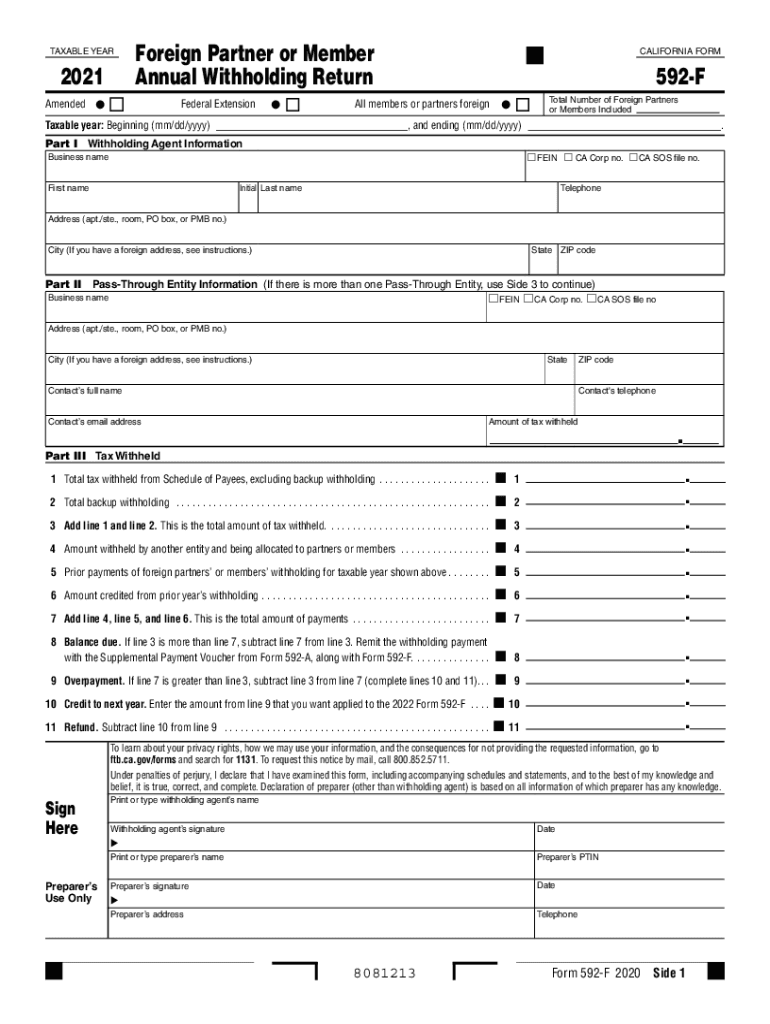 North Carolina Withholding Tax Form 2022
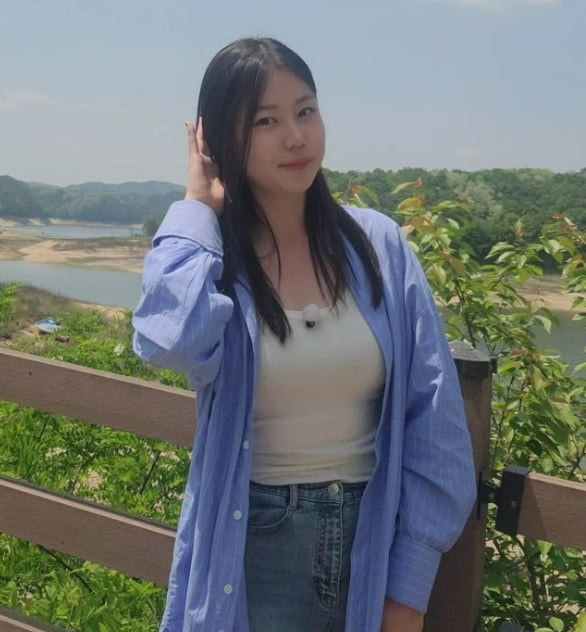 [전문] 가짜뉴스 퍼트린 16기 영자, 공개 사과 "'나는 솔로' 모습 부끄럽고 반성" 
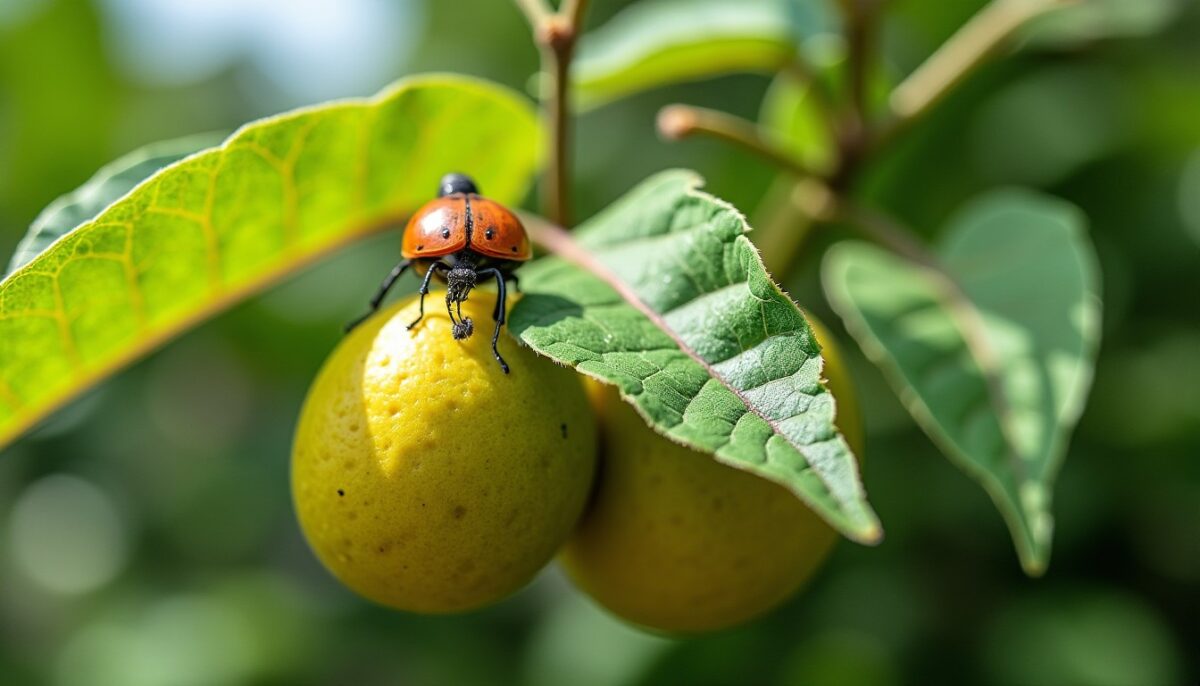 Maladies du platane mûrier : guide détaillé pour les reconnaître et les soigner efficacement Maladies du platane mûrier : guide détaillé pour les reconnaître et les soigner efficacement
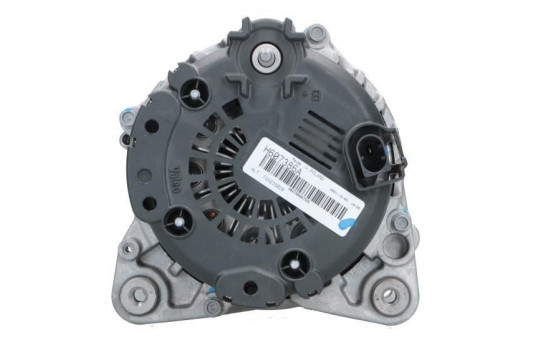 Dynamo Volkswagen 220A FG23S028 Valeo, Image 3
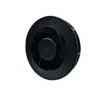 Centrifugal Fan, 130x25mm, 12V-48V, Plastic, HVAC - view 6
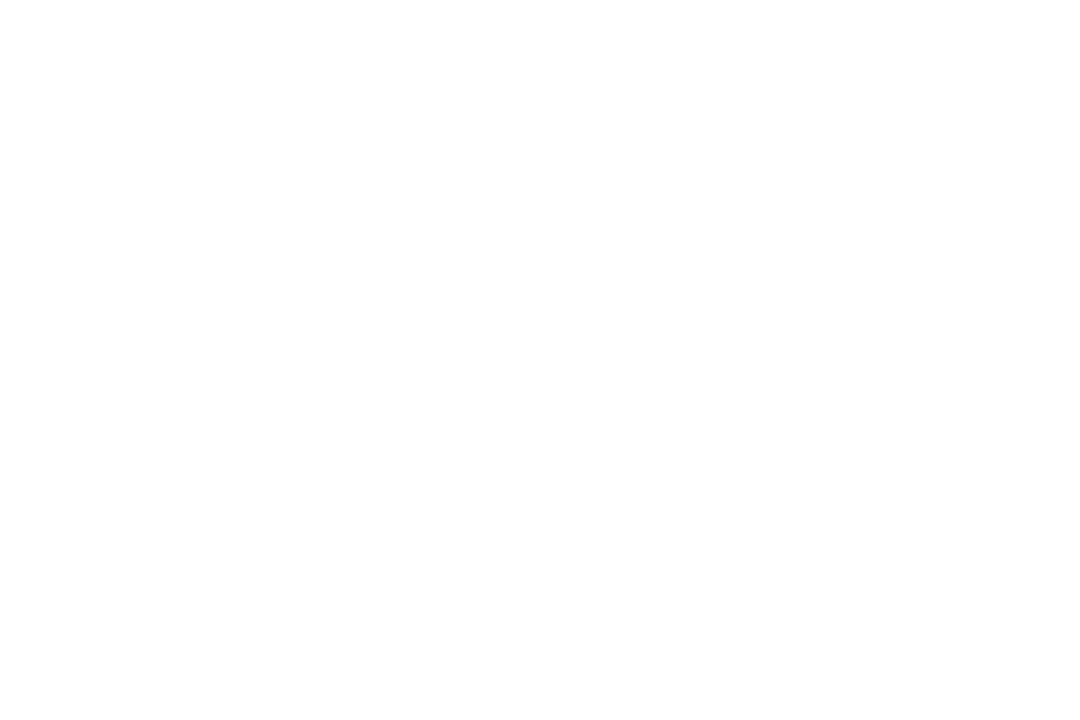 White Glowing Light on Transparent Background Vector Illustration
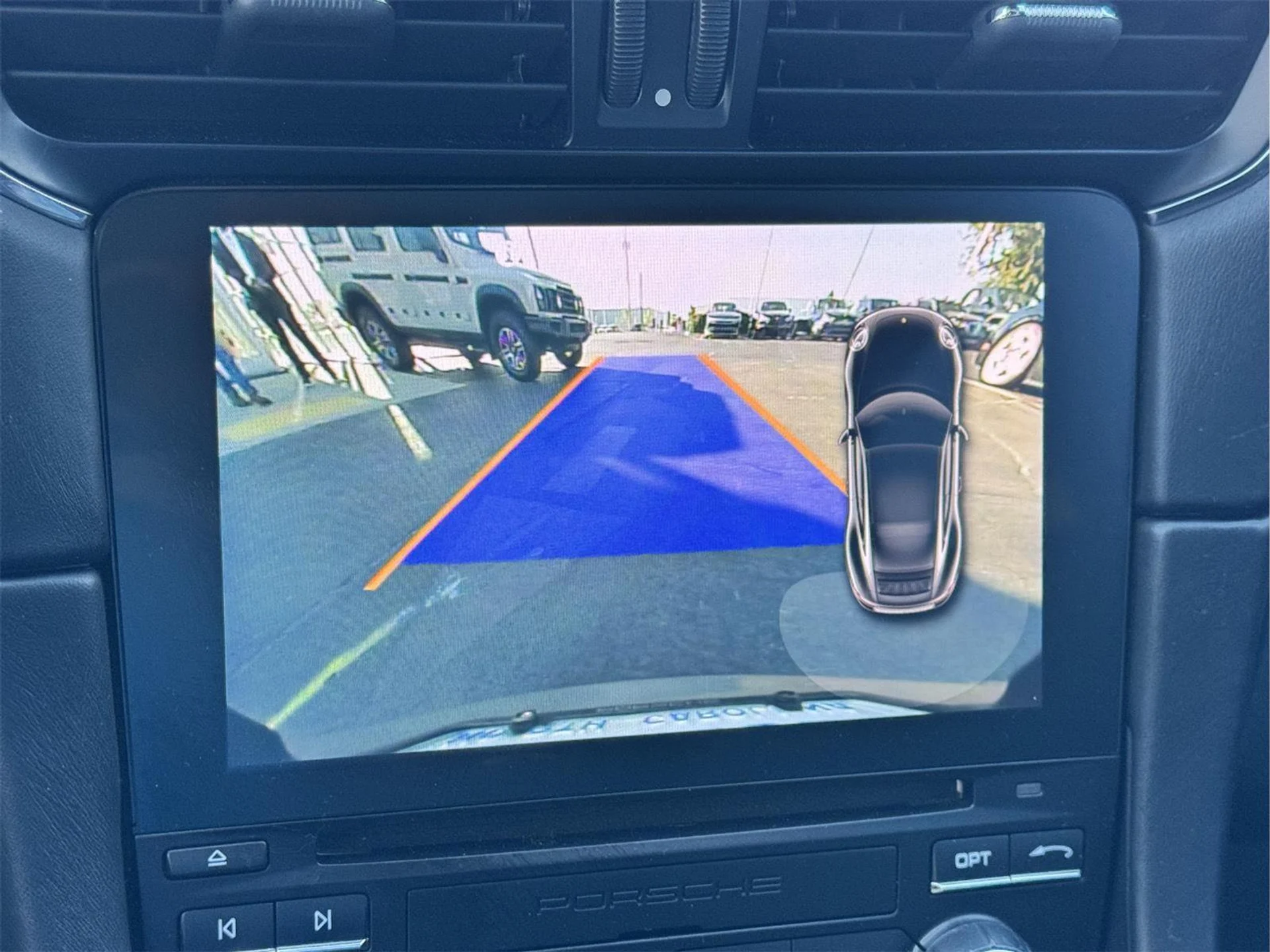 mph025_1392791366_a7eb0ee79685fec52735b6949167c3e3_39a649c6be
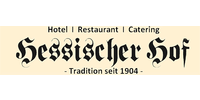 Logo der Firma Hotel Hessischer Hof aus Hainburg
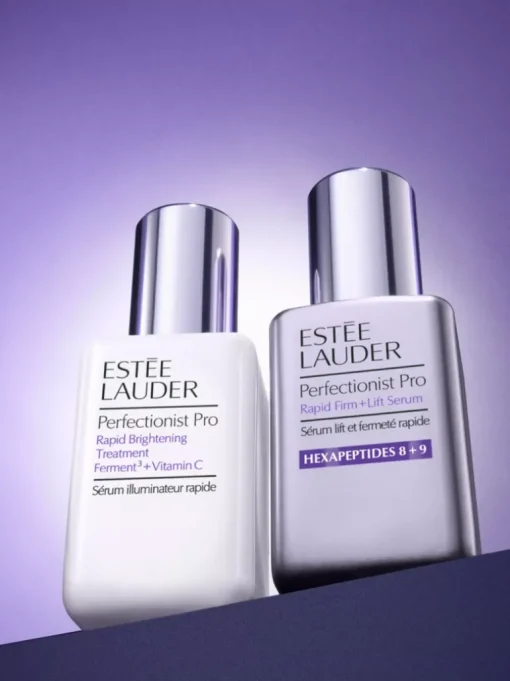 Estée Lauder Perfectionist Pro Rapid Bright 3.0 | MECCA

^^^^^^^^

Task to complete >>
Lines wanted from the entries above: the one with "Dynamo Volkswagen 220A", the one with "Logo der Firma", and all lines between. Please copy them exactly, without the pictures and without anything else.

Exercise result >>
 Dynamo Volkswagen 220A FG23S028 Valeo, Image 3
 Centrifugal Fan, 130x25mm, 12V-48V, Plastic, HVAC - view 6
 White Glowing Light on Transparent Background Vector Illustration
 mph025_1392791366_a7eb0ee79685fec52735b6949167c3e3_39a649c6be
 Logo der Firma Hotel Hessischer Hof aus Hainburg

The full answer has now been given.